The Introduction should provide readers with the background information needed to understand your study, and the reasons why you conducted your experiments.

The Introduction should answer the question:

What question/problem was studied?

While writing the background, make sure your citations are:

  • Well balanced: If experiments have found conflicting results on a question, have you cited studies with both kinds of results?
  • Current: Every field is different, but you should aim to cite references that are not more than 10 years old if possible.
  • Relevant: This is the most important requirement. The studies you cite should be strongly related to your research question.

Tip!

DO NOT write a literature review in your Introduction, but DO cite reviews where readers can find more information if they want it.
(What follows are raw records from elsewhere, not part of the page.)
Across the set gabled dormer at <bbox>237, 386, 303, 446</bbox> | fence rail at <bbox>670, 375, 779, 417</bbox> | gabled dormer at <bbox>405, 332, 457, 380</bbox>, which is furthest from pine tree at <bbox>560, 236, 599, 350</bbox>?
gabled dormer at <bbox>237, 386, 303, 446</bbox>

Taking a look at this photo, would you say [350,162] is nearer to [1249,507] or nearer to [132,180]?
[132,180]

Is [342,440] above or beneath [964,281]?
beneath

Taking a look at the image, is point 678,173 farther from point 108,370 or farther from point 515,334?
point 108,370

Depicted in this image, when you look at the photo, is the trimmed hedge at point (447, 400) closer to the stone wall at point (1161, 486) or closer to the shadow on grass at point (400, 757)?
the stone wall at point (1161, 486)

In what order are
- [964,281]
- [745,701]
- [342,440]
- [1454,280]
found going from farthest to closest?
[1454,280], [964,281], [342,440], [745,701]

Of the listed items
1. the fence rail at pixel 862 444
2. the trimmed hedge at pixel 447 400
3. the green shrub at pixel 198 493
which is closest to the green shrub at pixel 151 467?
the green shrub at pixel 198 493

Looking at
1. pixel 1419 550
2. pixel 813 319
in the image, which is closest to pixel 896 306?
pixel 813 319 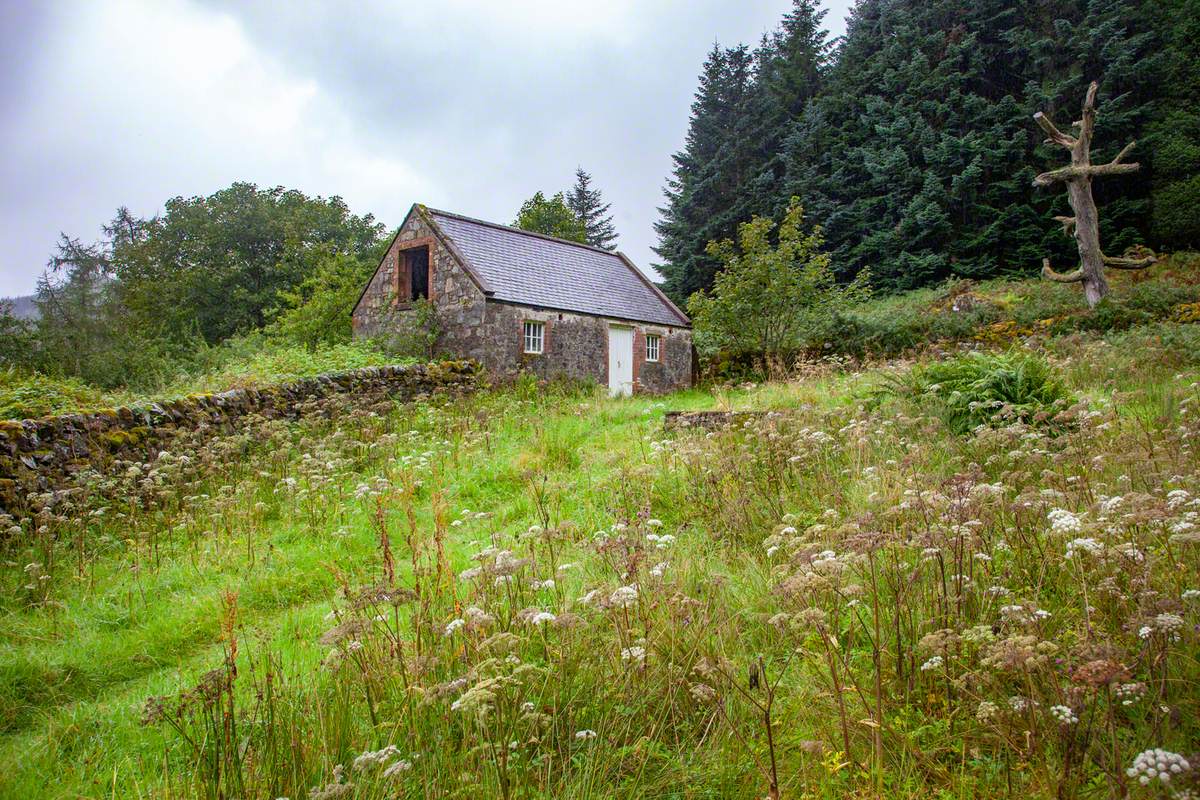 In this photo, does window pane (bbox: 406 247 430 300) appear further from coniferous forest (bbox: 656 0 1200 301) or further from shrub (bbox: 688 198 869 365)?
coniferous forest (bbox: 656 0 1200 301)

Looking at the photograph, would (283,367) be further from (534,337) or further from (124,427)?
(534,337)

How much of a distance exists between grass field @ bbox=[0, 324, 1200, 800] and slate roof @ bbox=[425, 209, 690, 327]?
12.0 m

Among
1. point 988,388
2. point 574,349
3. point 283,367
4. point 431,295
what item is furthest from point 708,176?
point 988,388

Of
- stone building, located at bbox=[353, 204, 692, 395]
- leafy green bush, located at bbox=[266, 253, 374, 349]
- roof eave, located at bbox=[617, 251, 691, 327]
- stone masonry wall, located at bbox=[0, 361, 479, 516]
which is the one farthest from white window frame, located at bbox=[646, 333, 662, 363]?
stone masonry wall, located at bbox=[0, 361, 479, 516]

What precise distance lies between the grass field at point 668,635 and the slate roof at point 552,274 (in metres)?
12.0

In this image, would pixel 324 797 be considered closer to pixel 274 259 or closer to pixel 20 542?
pixel 20 542

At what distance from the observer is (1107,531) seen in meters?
2.76

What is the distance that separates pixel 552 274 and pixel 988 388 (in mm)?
15488

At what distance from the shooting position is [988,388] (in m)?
6.77

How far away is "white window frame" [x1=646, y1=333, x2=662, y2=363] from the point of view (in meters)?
22.0

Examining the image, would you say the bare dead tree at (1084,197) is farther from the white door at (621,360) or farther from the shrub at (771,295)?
the white door at (621,360)

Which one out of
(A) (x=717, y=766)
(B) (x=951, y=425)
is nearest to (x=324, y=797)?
(A) (x=717, y=766)

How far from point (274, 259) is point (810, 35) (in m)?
35.1

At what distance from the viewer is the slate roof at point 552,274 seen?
18188 millimetres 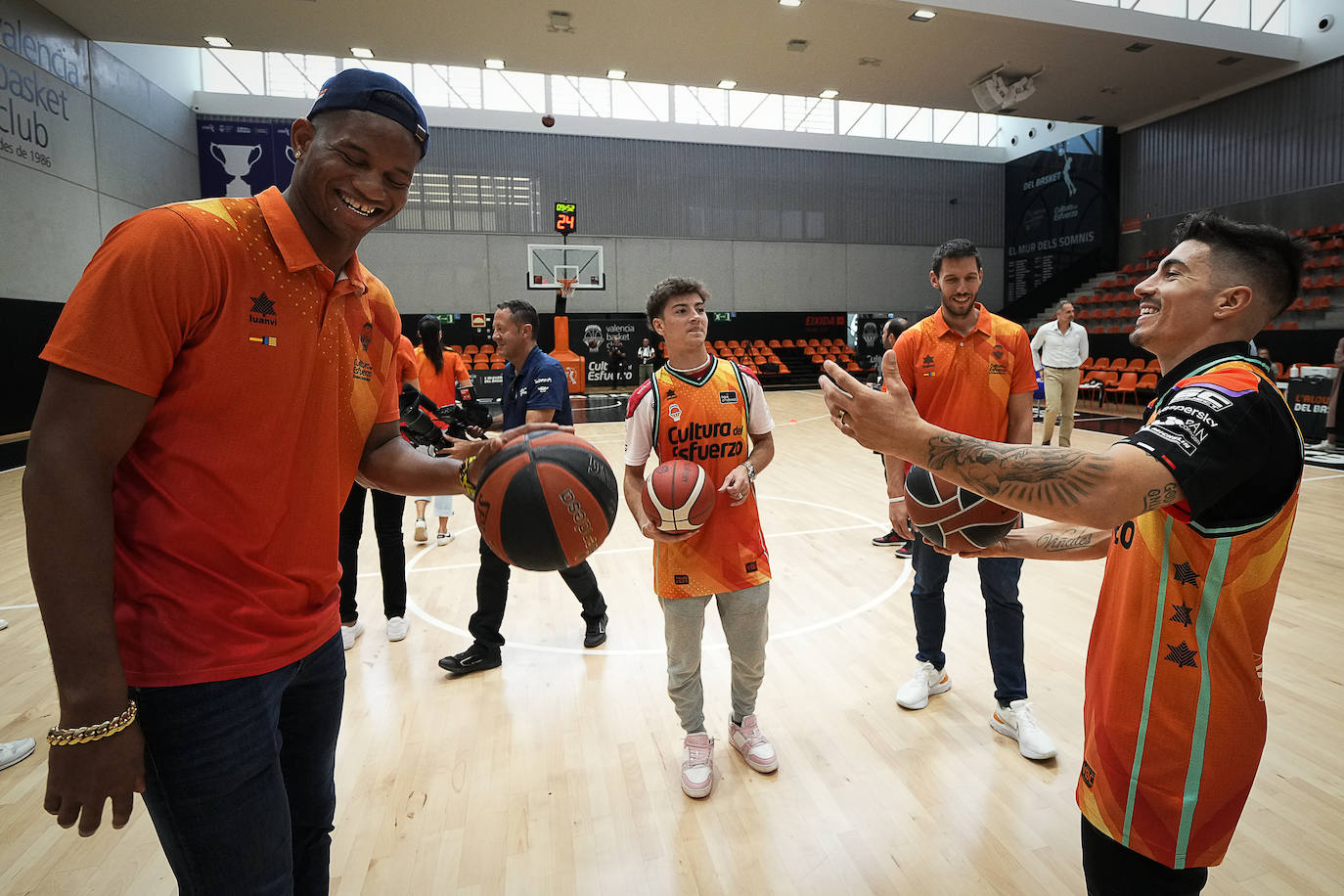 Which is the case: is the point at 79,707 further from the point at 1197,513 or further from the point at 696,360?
the point at 696,360

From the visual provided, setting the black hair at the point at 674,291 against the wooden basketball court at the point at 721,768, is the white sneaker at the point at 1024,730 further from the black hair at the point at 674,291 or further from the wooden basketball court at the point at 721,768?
the black hair at the point at 674,291

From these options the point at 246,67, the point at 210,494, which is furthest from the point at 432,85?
the point at 210,494

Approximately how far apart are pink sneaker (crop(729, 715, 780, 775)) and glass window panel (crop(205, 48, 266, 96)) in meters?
20.0

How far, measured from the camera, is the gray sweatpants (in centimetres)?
268

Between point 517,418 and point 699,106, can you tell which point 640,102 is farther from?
point 517,418

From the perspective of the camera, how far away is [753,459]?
9.36ft

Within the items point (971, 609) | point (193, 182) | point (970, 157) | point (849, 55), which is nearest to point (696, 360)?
point (971, 609)

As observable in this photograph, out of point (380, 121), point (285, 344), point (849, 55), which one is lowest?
point (285, 344)

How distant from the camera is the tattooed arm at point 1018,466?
1166 mm

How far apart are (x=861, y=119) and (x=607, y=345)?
10454mm

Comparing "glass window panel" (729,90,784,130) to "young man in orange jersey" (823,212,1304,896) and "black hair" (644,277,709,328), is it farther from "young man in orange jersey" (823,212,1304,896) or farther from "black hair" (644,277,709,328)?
"young man in orange jersey" (823,212,1304,896)

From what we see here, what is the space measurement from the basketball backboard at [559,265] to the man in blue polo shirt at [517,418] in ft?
48.1

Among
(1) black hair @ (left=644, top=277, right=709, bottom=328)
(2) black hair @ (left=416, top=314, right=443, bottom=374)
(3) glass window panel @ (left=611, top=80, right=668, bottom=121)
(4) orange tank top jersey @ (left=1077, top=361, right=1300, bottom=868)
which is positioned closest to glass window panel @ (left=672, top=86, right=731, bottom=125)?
(3) glass window panel @ (left=611, top=80, right=668, bottom=121)

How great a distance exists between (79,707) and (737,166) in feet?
69.5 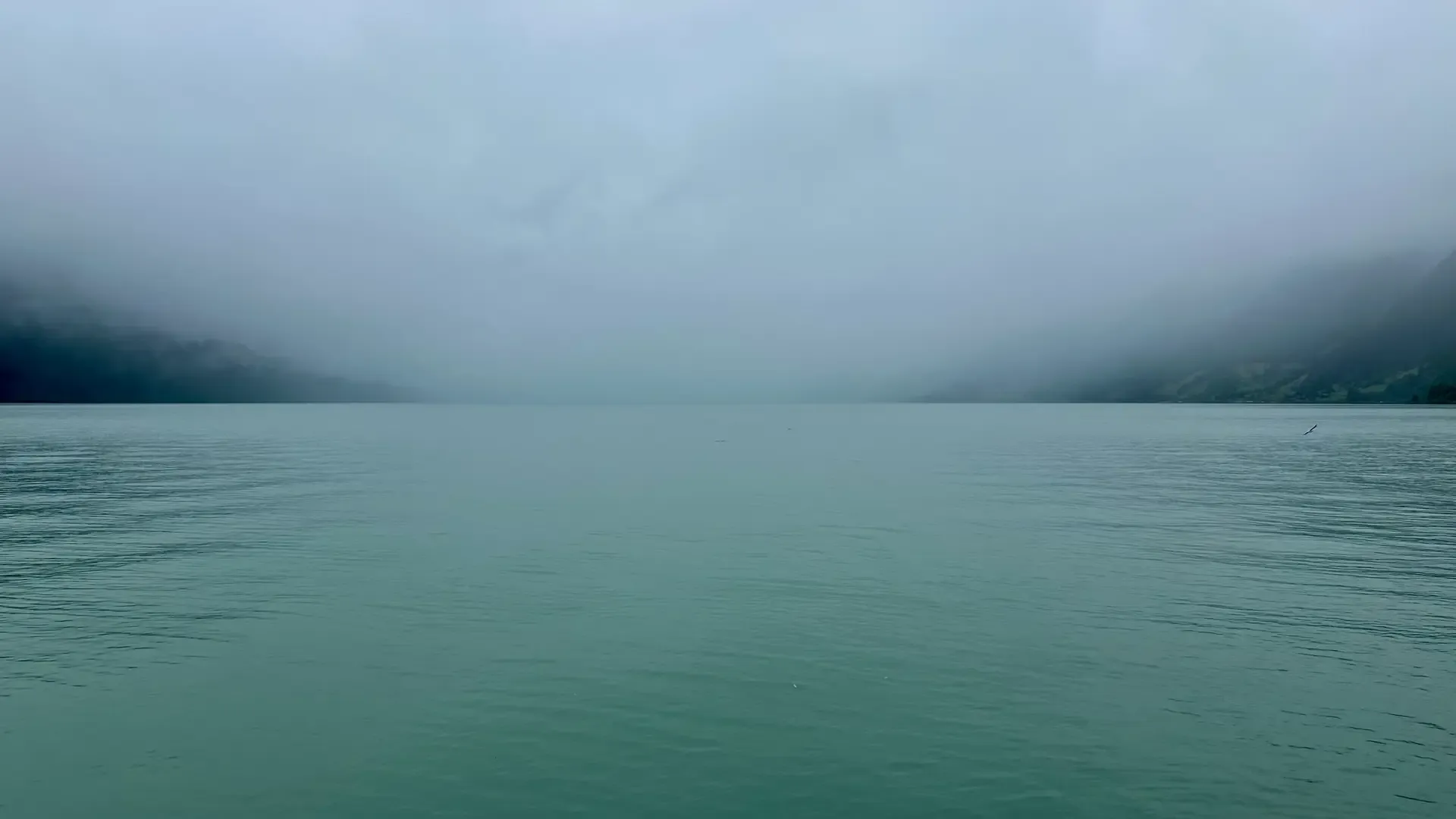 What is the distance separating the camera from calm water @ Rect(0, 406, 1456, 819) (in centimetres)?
2422

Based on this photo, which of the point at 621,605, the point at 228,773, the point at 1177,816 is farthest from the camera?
the point at 621,605

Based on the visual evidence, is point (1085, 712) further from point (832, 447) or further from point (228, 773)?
point (832, 447)

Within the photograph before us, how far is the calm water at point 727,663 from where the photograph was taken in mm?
24219

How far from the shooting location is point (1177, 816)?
890 inches

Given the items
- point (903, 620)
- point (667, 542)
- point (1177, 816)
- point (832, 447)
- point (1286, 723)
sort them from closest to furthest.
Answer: point (1177, 816) < point (1286, 723) < point (903, 620) < point (667, 542) < point (832, 447)

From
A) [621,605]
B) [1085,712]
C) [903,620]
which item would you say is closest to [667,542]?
[621,605]

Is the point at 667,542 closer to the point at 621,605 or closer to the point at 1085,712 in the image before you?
the point at 621,605

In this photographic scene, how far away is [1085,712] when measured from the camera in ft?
95.8

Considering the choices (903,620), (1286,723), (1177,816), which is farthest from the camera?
(903,620)

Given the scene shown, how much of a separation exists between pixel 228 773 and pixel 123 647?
51.3ft

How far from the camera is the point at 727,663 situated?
34.2 meters

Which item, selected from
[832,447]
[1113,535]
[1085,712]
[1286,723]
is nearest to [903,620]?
[1085,712]

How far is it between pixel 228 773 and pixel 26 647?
18.3 metres

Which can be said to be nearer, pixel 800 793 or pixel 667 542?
pixel 800 793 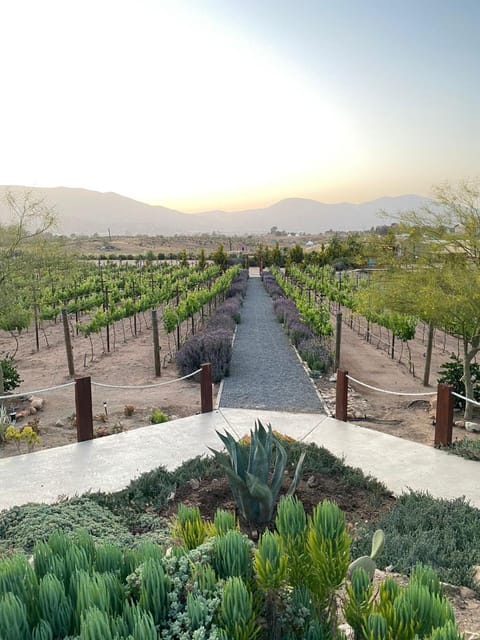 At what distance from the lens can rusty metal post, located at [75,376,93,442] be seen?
574 cm

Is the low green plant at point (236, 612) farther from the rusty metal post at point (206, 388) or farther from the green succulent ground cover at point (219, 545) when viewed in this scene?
the rusty metal post at point (206, 388)

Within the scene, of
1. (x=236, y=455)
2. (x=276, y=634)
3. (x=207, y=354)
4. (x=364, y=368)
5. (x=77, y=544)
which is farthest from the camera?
(x=364, y=368)

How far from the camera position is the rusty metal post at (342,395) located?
21.6 ft

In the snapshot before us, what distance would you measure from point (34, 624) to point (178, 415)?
5.62 meters

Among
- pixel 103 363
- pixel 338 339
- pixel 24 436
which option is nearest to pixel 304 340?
pixel 338 339

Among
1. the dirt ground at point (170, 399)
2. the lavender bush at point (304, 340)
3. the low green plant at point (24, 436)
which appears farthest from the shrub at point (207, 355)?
the low green plant at point (24, 436)

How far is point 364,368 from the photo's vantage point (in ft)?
37.6

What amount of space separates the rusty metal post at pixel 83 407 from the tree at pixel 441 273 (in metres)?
4.43

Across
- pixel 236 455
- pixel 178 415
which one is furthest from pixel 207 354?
pixel 236 455

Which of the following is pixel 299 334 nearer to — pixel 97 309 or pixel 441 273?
pixel 441 273

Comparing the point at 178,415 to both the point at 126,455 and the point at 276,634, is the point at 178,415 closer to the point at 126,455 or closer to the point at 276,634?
the point at 126,455

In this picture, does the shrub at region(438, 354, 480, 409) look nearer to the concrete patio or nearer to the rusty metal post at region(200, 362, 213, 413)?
the concrete patio

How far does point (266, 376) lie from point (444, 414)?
14.4 ft

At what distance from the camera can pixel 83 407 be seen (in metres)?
5.80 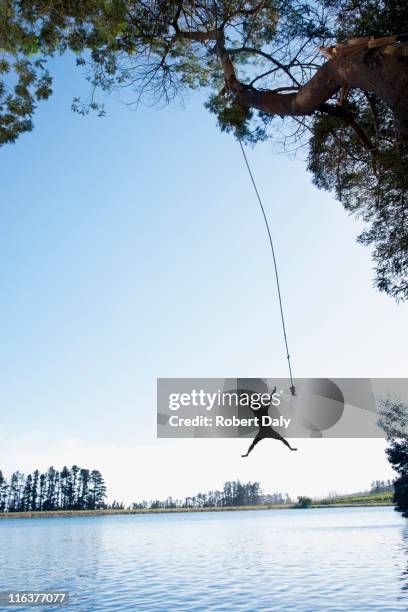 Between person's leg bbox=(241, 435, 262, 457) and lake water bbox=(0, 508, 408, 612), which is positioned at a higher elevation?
person's leg bbox=(241, 435, 262, 457)

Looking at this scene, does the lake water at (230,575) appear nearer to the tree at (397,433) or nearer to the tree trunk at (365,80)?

Once you have provided background material and stated the problem or question for your study, tell the reader the purpose of your study. Usually the reason is to fill a gap in the knowledge or to answer a previously unanswered question. For example, if a drug is known to work well in one population, but has never been tested in a different population, the purpose of a study could be to test the efficacy and safety of the drug in the second population.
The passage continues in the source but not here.